KSHB stock recovers about 5% to $5.78 in Friday’s morning session after KushCo Holdings Inc. (OTCQB:KSHB) posted 240% year-over-year revenue growth for the second quarter. Today’s climb gives a breather to shareholders as KushCo stock fell over 6.50% in Wednesday’s session after the company said that it would have to restate the annual financial statements from that period.
Strong Revenue Growth
Late Thursday, KushCo Holdings released its earnings report for Q2 FY2019. In particular, the reports offset whatever advantage the company’s shares would earn from the positive earnings results.
KSHB stock reported a 240% year-over-year increase in net income for the quarter. The $35 million net income is a company record reported in quarterly revenue. Further, the firm revised upwards the net revenue guidance for the FY2019 from $140 million to around $150 million, compared to previously forecasted full-year revenue between $110 million and $120 million.

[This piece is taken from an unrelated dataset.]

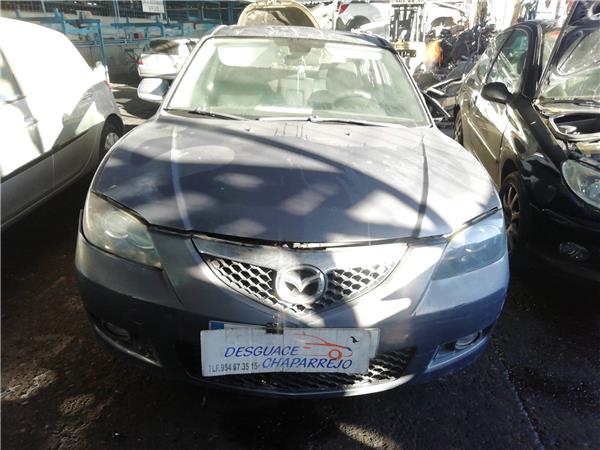 3 BERLINA Amortiguador Porton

KushCo reported a net loss for the latest quarter of $8.9 million, or $0.10 a share, recovered from a net loss in the prior-year period of $7.6 million, or $0.12 a share. Analysts were estimating the company to report a loss of $0.08 a share.
KushCo Holdings CEO Nick Kovacevich said that the strong improvement in revenue stemmed from “our growing customer base and increased sales across our key markets as we successfully leveraged our diverse business units to cross-sell product classes and gain market share.” He added that the company now has “customers in every U.S. state where cannabis is legal and in 25 countries.”

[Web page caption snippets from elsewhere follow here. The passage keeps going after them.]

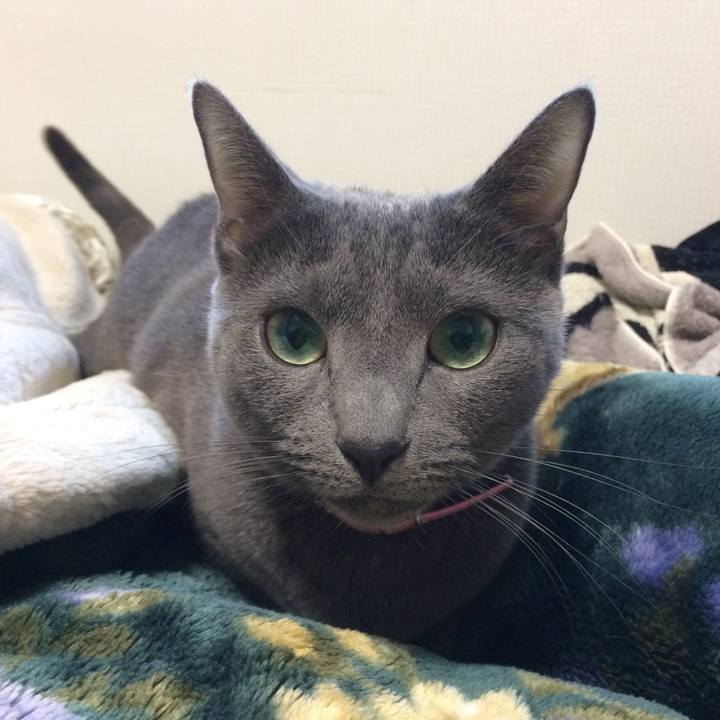 935af8d9 37e9 4c19 9685 be0b1ed31cf4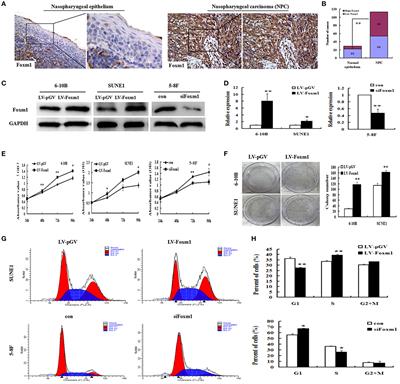 Frontiers Foxm Promotes Cell Proliferation Invasion And Stem Cell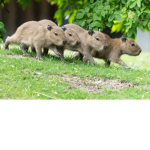 Capybara family!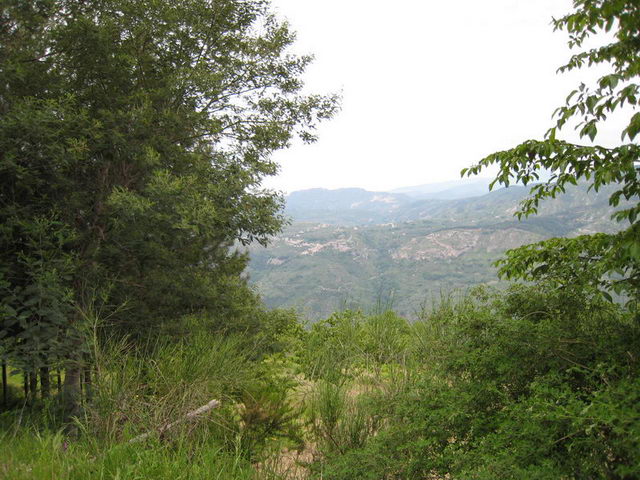 canneddha069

KushCo Holdings’ management believes that the FY2018 was most impacted by errors. There is a possibility for the financial year’s losses doubling from $10.2 million to $24.3 million. Further, the net income for FY2017 is likely to be revised upwards from $100,000 to $1.7 million. In the aftermath of these reports, KSHB stock fell by close to 6.5%.

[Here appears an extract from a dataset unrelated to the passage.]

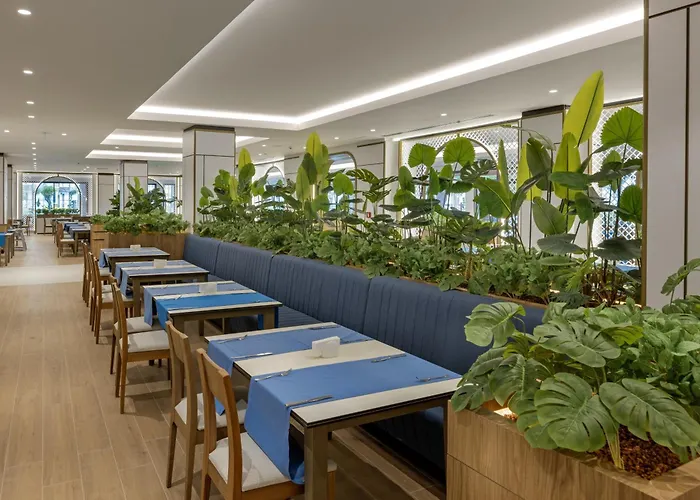 Marvida Family Eco 5* Side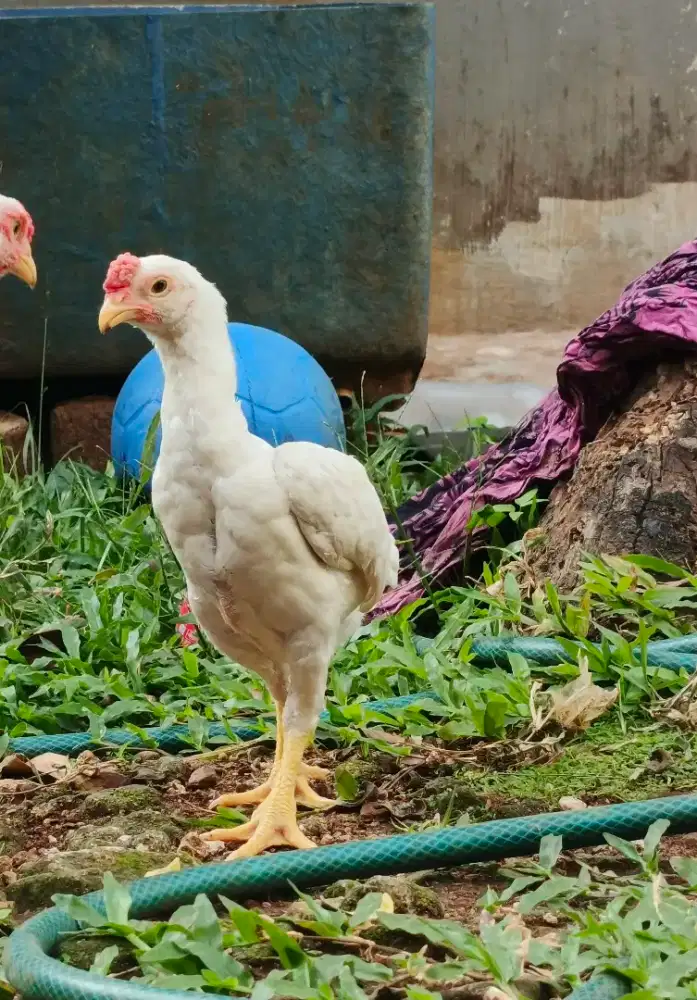 Ayam Ko Shamo Mini Jepang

Following the announcement, various law firms have made clear their intention to sue the company on behalf of investors. Notably, BragarEagel & Squire, P.C said they will investigate the incident, a move which was also taken up by Kaplan Fox & Kilsheimer LLP. The law firms are seeking compensation for the shareholders from the company for the “fraudulent actions” that led to a loss in the value of their assets.